== GIVEN DATA ==
▼

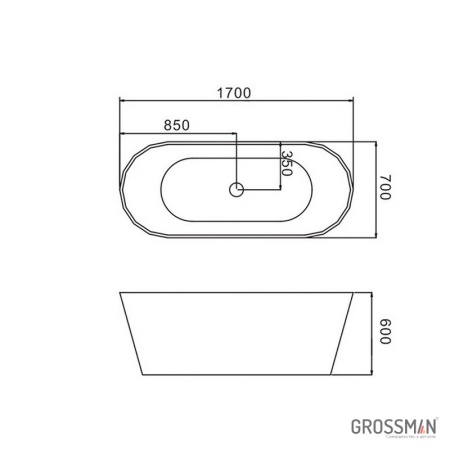 Отдельностоящая ванна Grossman GR-2601 Black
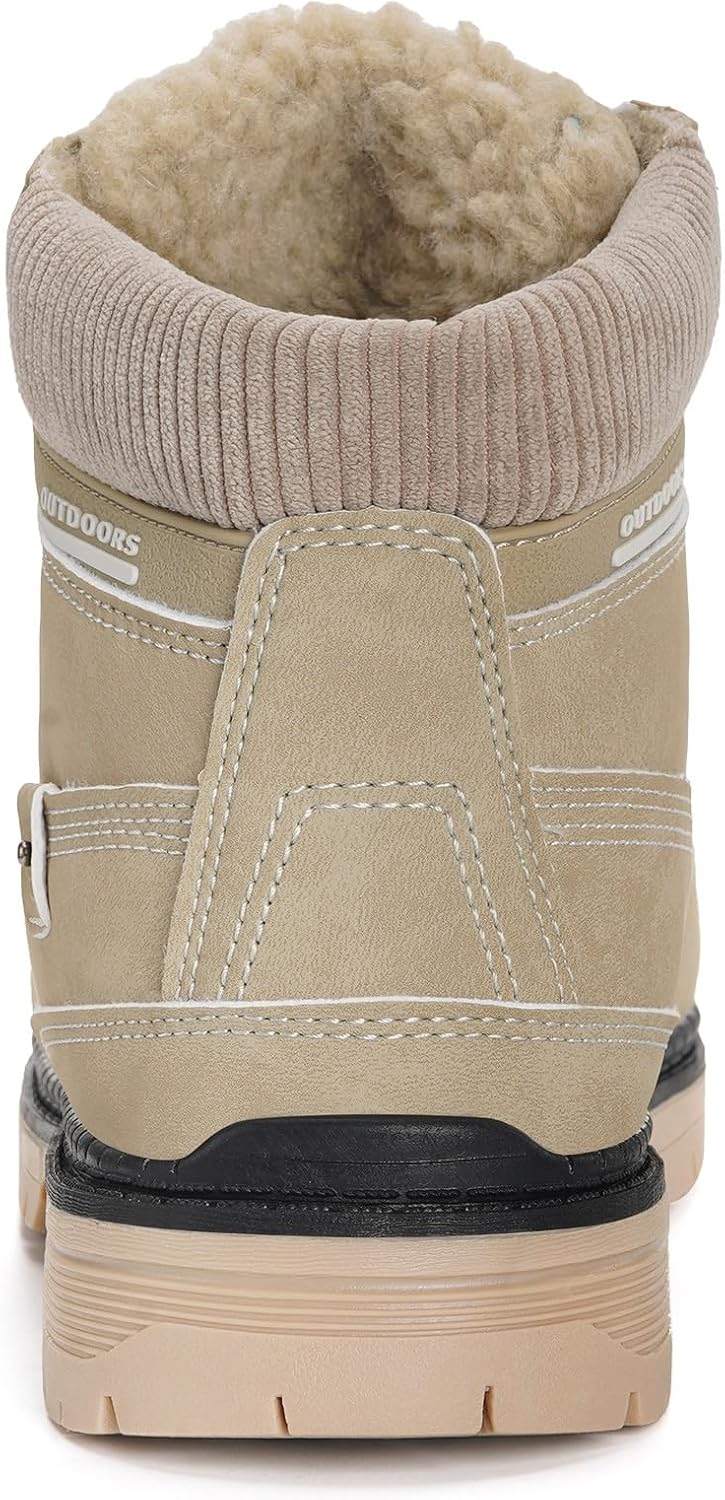 Eagsouni Mens Womens Snow Boots Warm Fur Lined Ankle Booties Hiking Trekking Trail Climbing Shoes Lace Up Anti-Slip Waterproof Working Outdoor Backpacking Boots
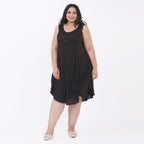 100% Viscose Sequin Embroidered Umbrella Dress with Pockets (One Size, 8-18) - Dark Brown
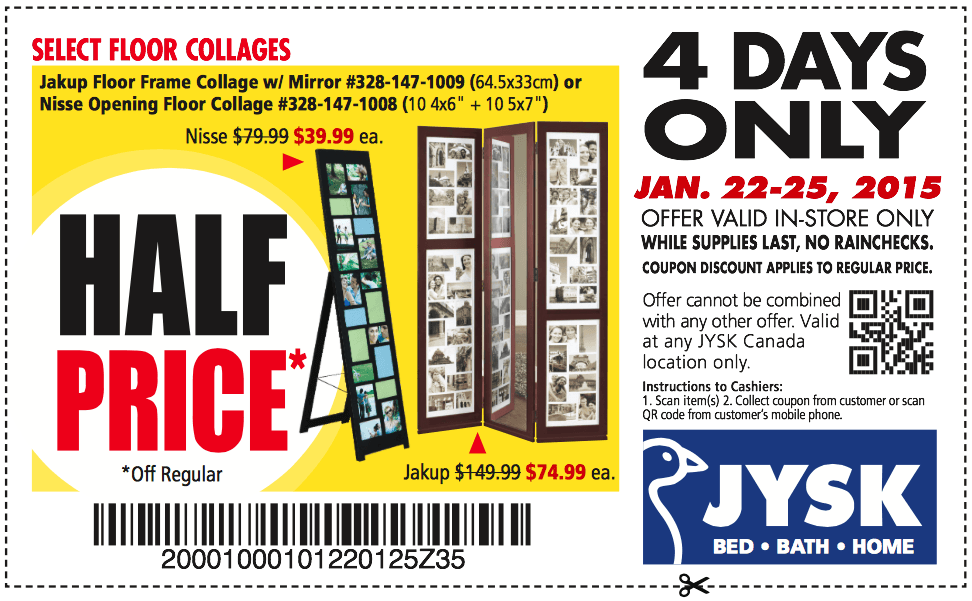 JYSK Canada Coupons 4 Days Only, Pay HalfPrice For Select Floor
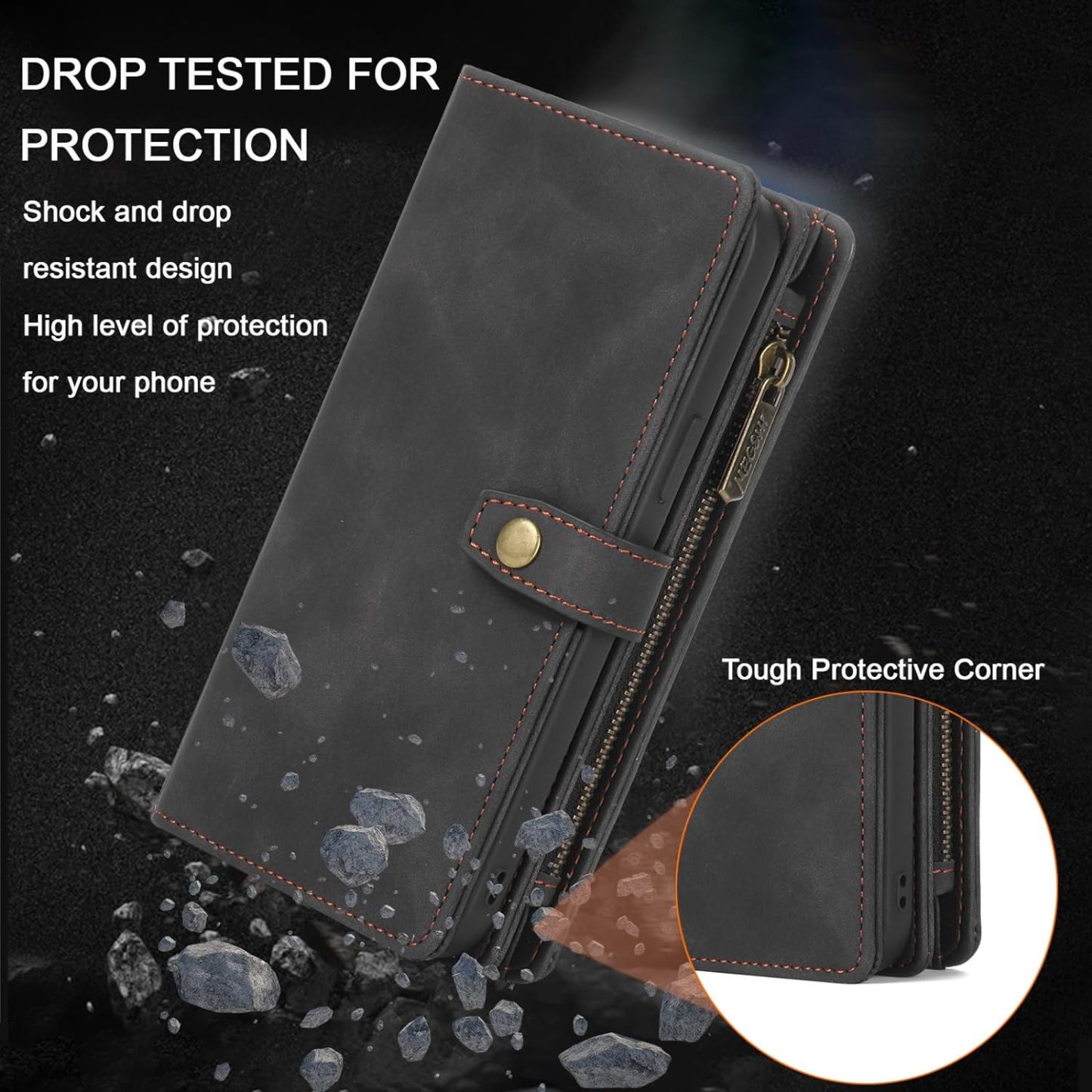 Personalised Monogram Detachable Magnetic Phone Wallet Case | OFCase133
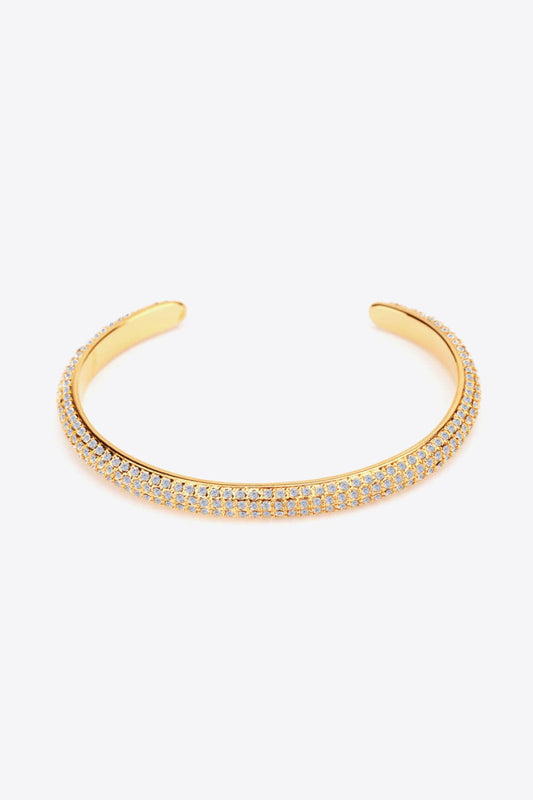 18K Gold-Plated Rhinestone Open Bracelet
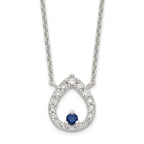 Sterling Silver Polished CZ Teardrop Necklace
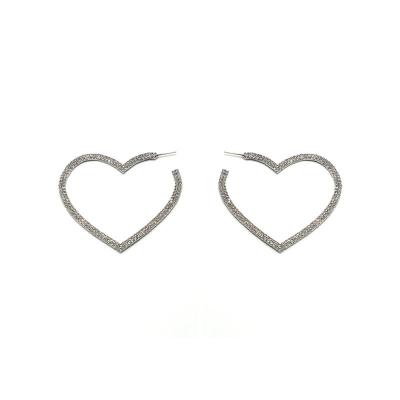 China CLASSIC South Korea Dongdaemun earrings silver needle stud earrings 925 full single diamond heart earrings for sale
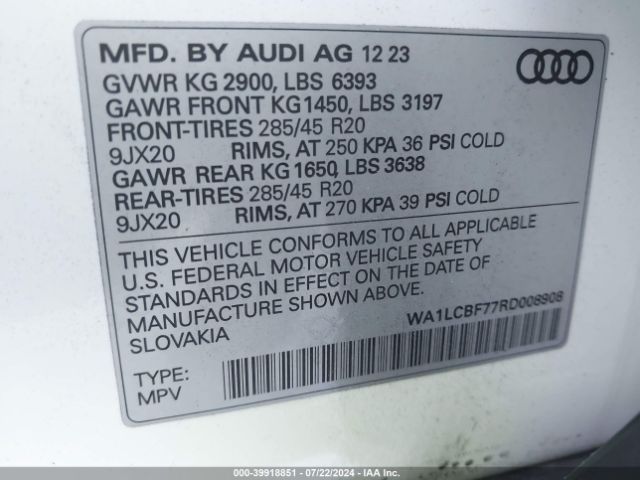 WA1LCBF77RD008908 Audi Q7 Premium Plus 45 Tfsi Quattro Tiptronic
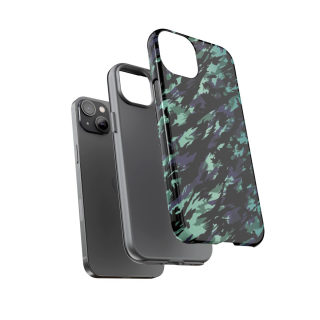Teal Black Abstract Camo Phone Case 131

▲

Your task is to reproduce every record exactly while omitting the pictures.

 Отдельностоящая ванна Grossman GR-2601 Black
 Eagsouni Mens Womens Snow Boots Warm Fur Lined Ankle Booties Hiking Trekking Trail Climbing Shoes Lace Up Anti-Slip Waterproof Working Outdoor Backpacking Boots
 100% Viscose Sequin Embroidered Umbrella Dress with Pockets (One Size, 8-18) - Dark Brown
 JYSK Canada Coupons 4 Days Only, Pay HalfPrice For Select Floor
 Personalised Monogram Detachable Magnetic Phone Wallet Case | OFCase133
 18K Gold-Plated Rhinestone Open Bracelet
 Sterling Silver Polished CZ Teardrop Necklace
 China CLASSIC South Korea Dongdaemun earrings silver needle stud earrings 925 full single diamond heart earrings for sale
 WA1LCBF77RD008908 Audi Q7 Premium Plus 45 Tfsi Quattro Tiptronic
Teal Black Abstract Camo Phone Case 131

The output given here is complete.